ACM Multimedia 2020 - Industrial Invited Talk

Industrial Invited Talk

Talk 1

Title: Building Digital Human
Presenter: Dong Yu, Tencent AI Lab
Date: 13 October 2020, 16:30 - 17:00 (UTC)

Abstract: Digital human finds its applications in areas such as virtual companion, virtual reporter, and virtual narrator. In this talk, I will introduce our recent work in building digital human. I will focus on our progresses in multi-modal text-to-speech synthesis and multi-modal voice separation and recognition.

Bio: Dr. Dong Yu is an IEEE Fellow and an ACM distinguished scientist. He is currently taking the role of distinguished scientist and vice general manager at Tencent AI Lab. Prior to joining Tencent in 2017, he was a principal researcher at Microsoft Research (Redmond). His research has been focusing on speech processing and recognition and multi-modal interactive systems. His works have been widely cited and have been recognized by the prestigious IEEE Signal Processing Society 2013 and 2016 best paper award.
Dr. Dong Yu is currently serving as the vice chair of the IEEE Speech and Language Processing Technical Committee (SLPTC). He has served as a member of the IEEE SLPTC (2013-2018), a distinguished lecturer of APSIPA (2017-2018), an associate editor of the IEEE/ACM transactions on audio, speech, and language processing (2011-2015), an associate editor of the IEEE signal processing magazine (2008-2011), and members of organization and technical committees of many conferences and workshops.

Talk 2

Title: Cloud Drive App - Closing the Gap Between AI Research and Practice
Presenter: Itamar Friedman, Alibaba DAMO Academy
Date: 15 October 2020, 15:00 - 15:30 (UTC)

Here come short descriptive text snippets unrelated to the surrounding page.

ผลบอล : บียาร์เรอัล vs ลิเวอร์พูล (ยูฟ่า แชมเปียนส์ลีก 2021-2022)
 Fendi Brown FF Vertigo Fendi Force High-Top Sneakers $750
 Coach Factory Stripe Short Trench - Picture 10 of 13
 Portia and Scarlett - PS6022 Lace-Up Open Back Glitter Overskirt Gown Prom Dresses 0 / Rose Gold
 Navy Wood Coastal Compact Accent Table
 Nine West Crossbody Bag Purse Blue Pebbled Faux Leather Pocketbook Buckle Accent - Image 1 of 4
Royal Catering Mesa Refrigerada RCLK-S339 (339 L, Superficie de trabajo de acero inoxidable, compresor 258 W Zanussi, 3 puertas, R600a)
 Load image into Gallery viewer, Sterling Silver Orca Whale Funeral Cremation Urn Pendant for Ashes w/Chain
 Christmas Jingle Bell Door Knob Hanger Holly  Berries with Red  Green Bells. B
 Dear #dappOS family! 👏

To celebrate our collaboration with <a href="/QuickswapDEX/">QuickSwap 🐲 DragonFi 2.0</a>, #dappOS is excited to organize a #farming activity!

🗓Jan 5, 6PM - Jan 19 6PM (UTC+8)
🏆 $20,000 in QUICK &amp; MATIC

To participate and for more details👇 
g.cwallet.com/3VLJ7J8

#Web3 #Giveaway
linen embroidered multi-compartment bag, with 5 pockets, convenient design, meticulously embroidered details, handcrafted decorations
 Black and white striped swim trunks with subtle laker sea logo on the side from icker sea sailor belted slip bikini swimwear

Abstract: In the past few years, Cloud Drive Apps have aroused increasing interest from end-users and enterprise customers. During this period, numerous artificial intelligence based features were introduced, such as functions enabling users to intelligently organize, search, share, edit and recreate content with their images and videos.
In this talk, I will introduce our latest work related to highly-efficient image understanding, which aims to enable various novel methods (such as neural architecture search and advanced training techniques) to be practiced in Cloud Drive App use cases. I will discuss use-cases such as image search through free-text query, focusing on difficult real-world problems and suggested solutions. I will also demonstrate the usefulness of the proposed techniques when applied to public competitions.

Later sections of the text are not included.